TENNESSEE ARTS COMMISSION ANNOUNCES VALUE PLUS PROGRAM

NASHVILLE - The Tennessee Arts Commission announced today the selection of three schools designated to participate in its new Value Plus Schools program, an education reform model emphasizing arts integration. The schools selected are Mooreland Heights Elementary in Knoxville , Bradley Academy in Murfreesboro , and Covington Integrated Arts Academy in Covington . Teachers at each school will begin training in arts integration this fall.

In making the announcement, Stephanie Conner, chair of the Arts Commission, stated “Value Plus is about placing the arts at the center of teaching in order to meet the individual learning needs of every child in the classroom.”

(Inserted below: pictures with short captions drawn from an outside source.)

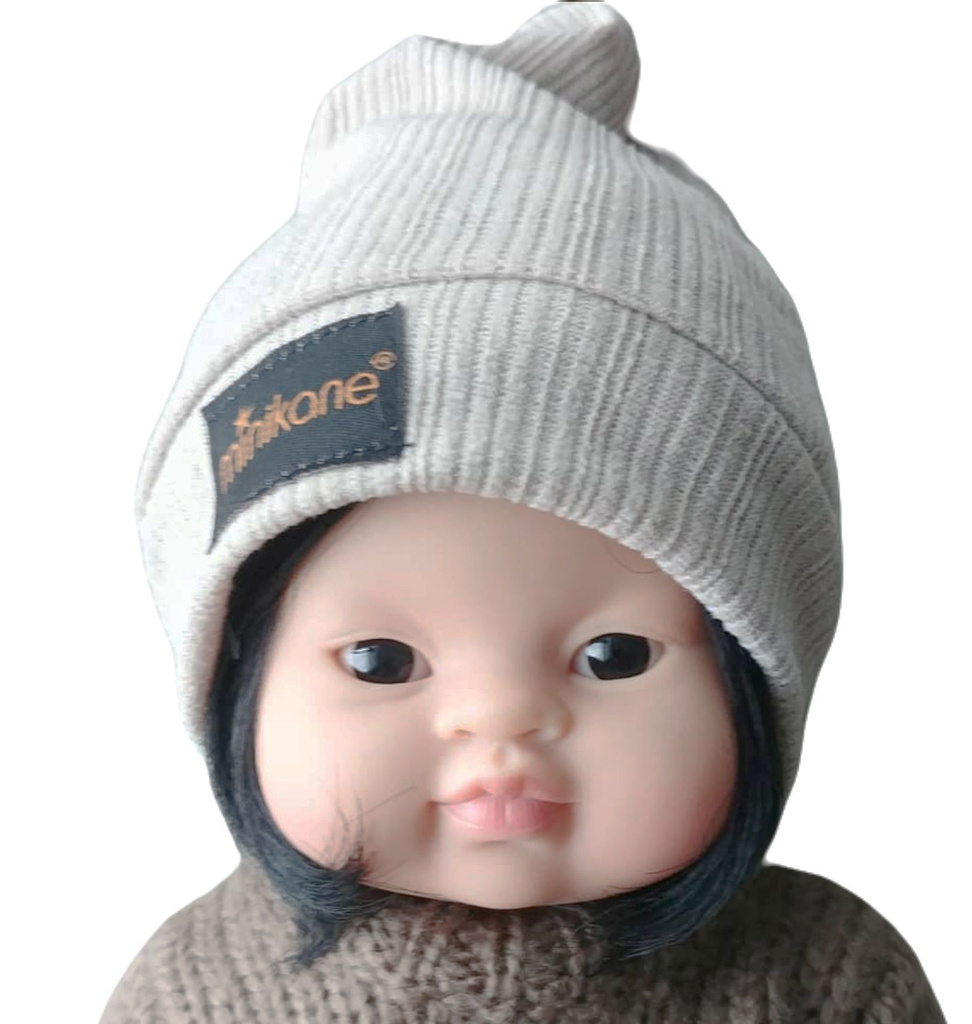 Paola Reina poppen Paola Reina Gordi doll Lynn 34 cm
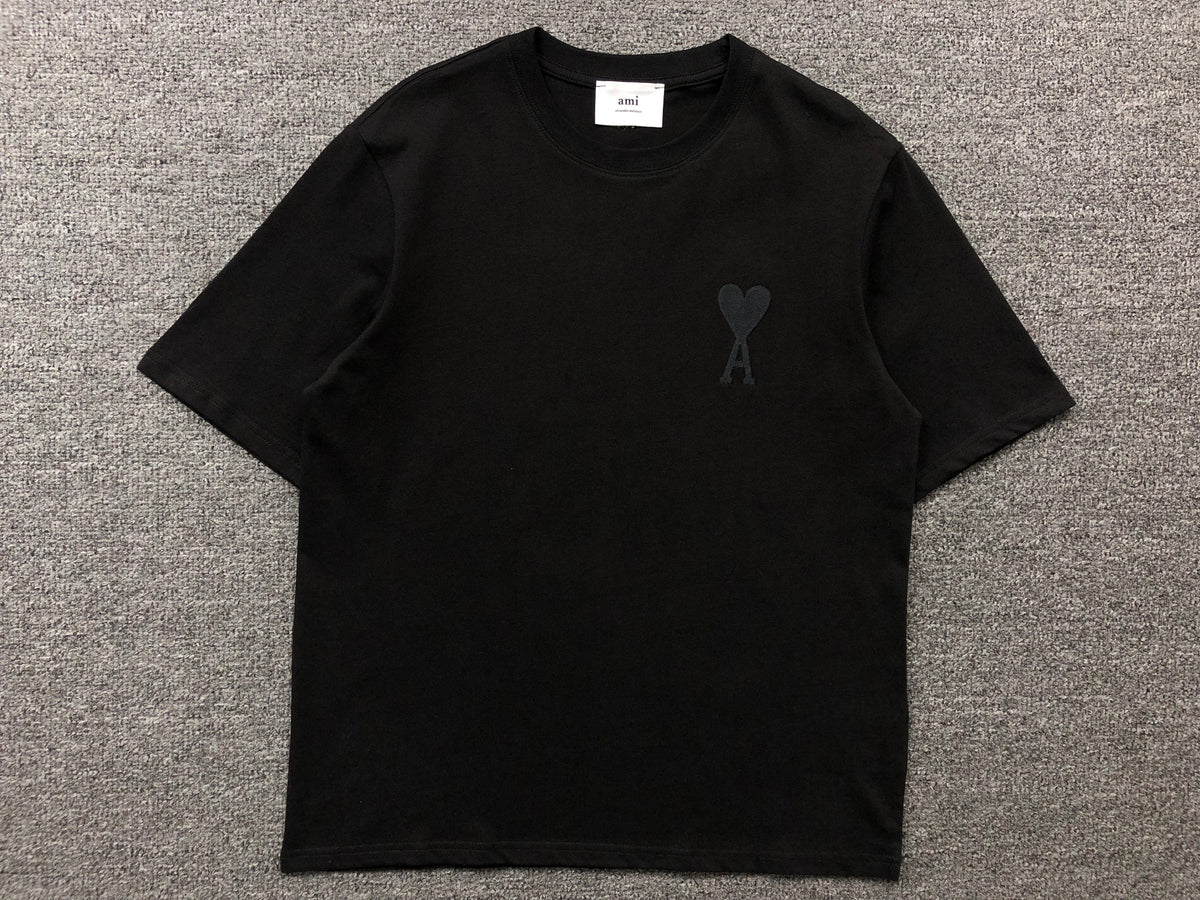 Am1 Tshirt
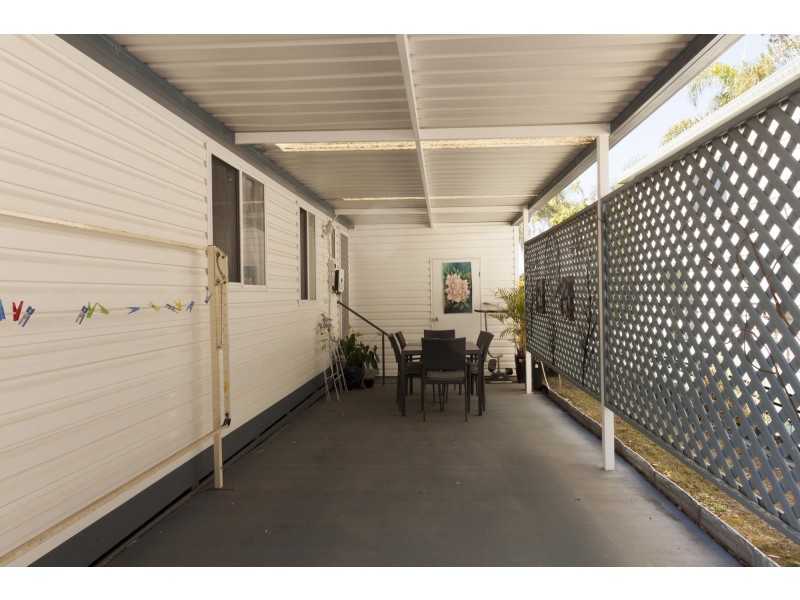 69/210 Pacific Highway, Coffs Harbour NSW 2450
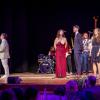 Abiball 3/26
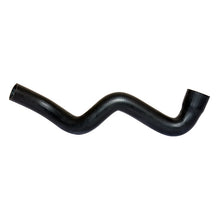 Load image into Gallery viewer, Fiat Doblo Turbo Hose 46779537
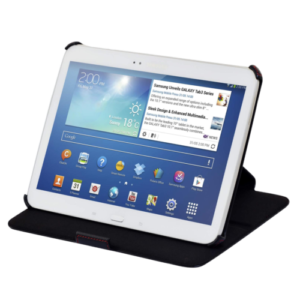 Tablete Branco S2 WiFi 62GB LTE Internet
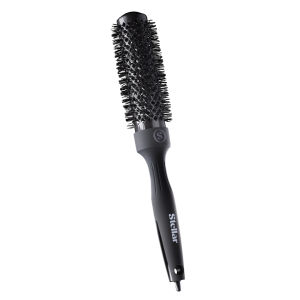 STELLAR® HeatSense™ Round Brush 33mm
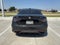 2024 Alfa Romeo Giulia Veloce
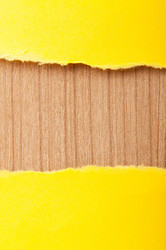 Similar image 619340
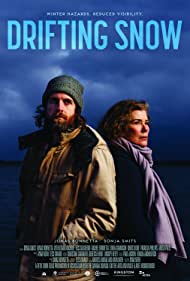 دانلود فیلم Drifting Snow سال 2021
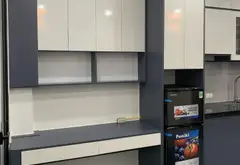 CCMN Dòng tiền 40tr/tháng gần 3 trường đại học... Bán chung cư mini tại An Khánh, Hà Nội 17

The idea to develop Value Plus arose out of a comprehensive study conducted by the Commission in 2004. Entitled Ready, Set, Grow: Cultivating Arts Education Reform, the study pointed out the need to transform traditional art education.

In the Value Plus program, school administrators, classroom teachers and arts specialists work together to infuse the arts into reading, math, science, language arts, and social studies. “Integrated curriculums work,” said State Senator Jamie Woodson (R-Knoxville), chair of the Senate Education Committee. “In our everyday lives, we're constantly using multiple thinking strategies to interpret and make sense of what's going on around us. Why should the thinking process in the classroom be any different?”

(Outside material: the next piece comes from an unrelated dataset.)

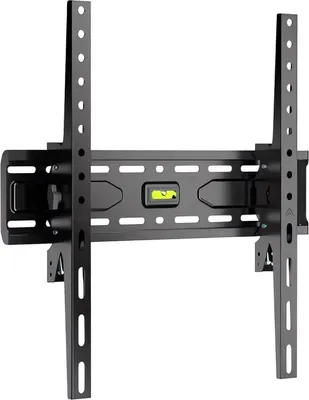 

Кронштейн для телевизора, KL36-44T-R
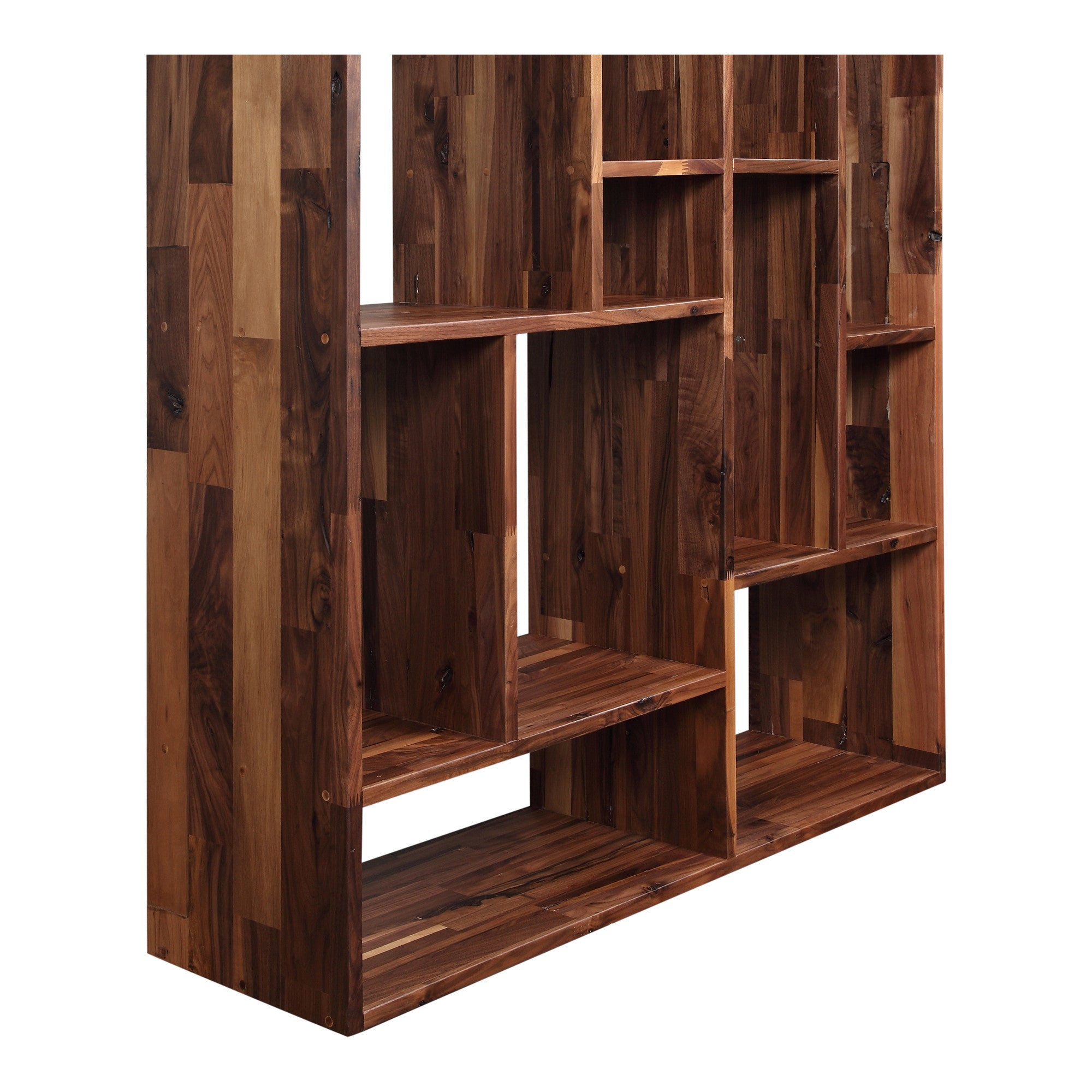 braylen/bookcase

The schools selected are all Title I elementary schools representing each grand division of the state, and include one urban, one suburban, and one rural school. The Commission initially funded the project and anticipated it would begin in the 2007 school year, but an additional appropriation in the state budget adopted by the Tennessee General Assembly will help move the project forward beginning this school year. Representative Doug Overbey (R-Maryville), chair of the General Assembly's Arts Caucus, led the charge in the state House along with Senator Woodson.

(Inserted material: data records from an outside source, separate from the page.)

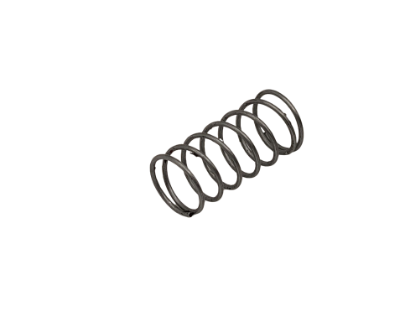 Bild von R504,37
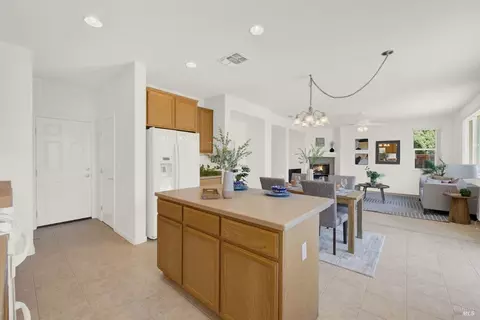 1525 Bello Dr, Dixon, CA 95620 photo 14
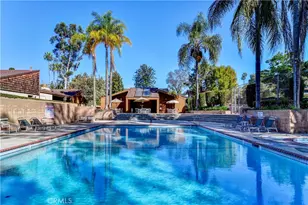 9453 Friendly Woods Ln, Whittier, CA 90605 - Photo 38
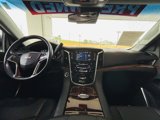 Used 2016 Cadillac Escalade Premium image 5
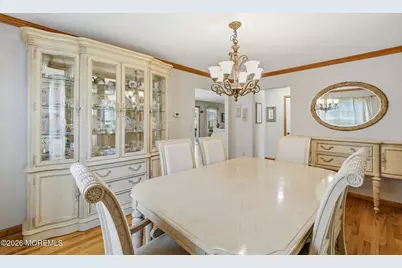 202 Veronica Court, Lanoka Harbor, NJ 08734 - Photo 13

“The arts have the power to transform lives in many different and unexpected ways,” Rep. Overbey said. “Other states using an integrated arts curriculum have found the benefits extend far beyond the classroom.”

Rich Boyd, executive director of the Tennessee Arts Commission, is delighted that the General Assembly chose to support the new initiative. “It is encouraging to us that the General Assembly wanted to assist in our efforts to get the Value Plus program in pilot schools in this upcoming school year,” Boyd said.

The commission is convinced of the potential that Value Plus holds for schools. “Many of our schools struggle with low-test scores, increasing ESL populations, and budget cuts,” stated Boyd. “National data suggests that programs that integrate the arts into basic curriculum help reach and teach children in new and exciting ways. At a time when schools are punished for not meeting state or federal benchmarks, we are delighted to be able to offer what we believe will be a helpful and innovative way to add value to our school children's learning experience.” Boyd concluded.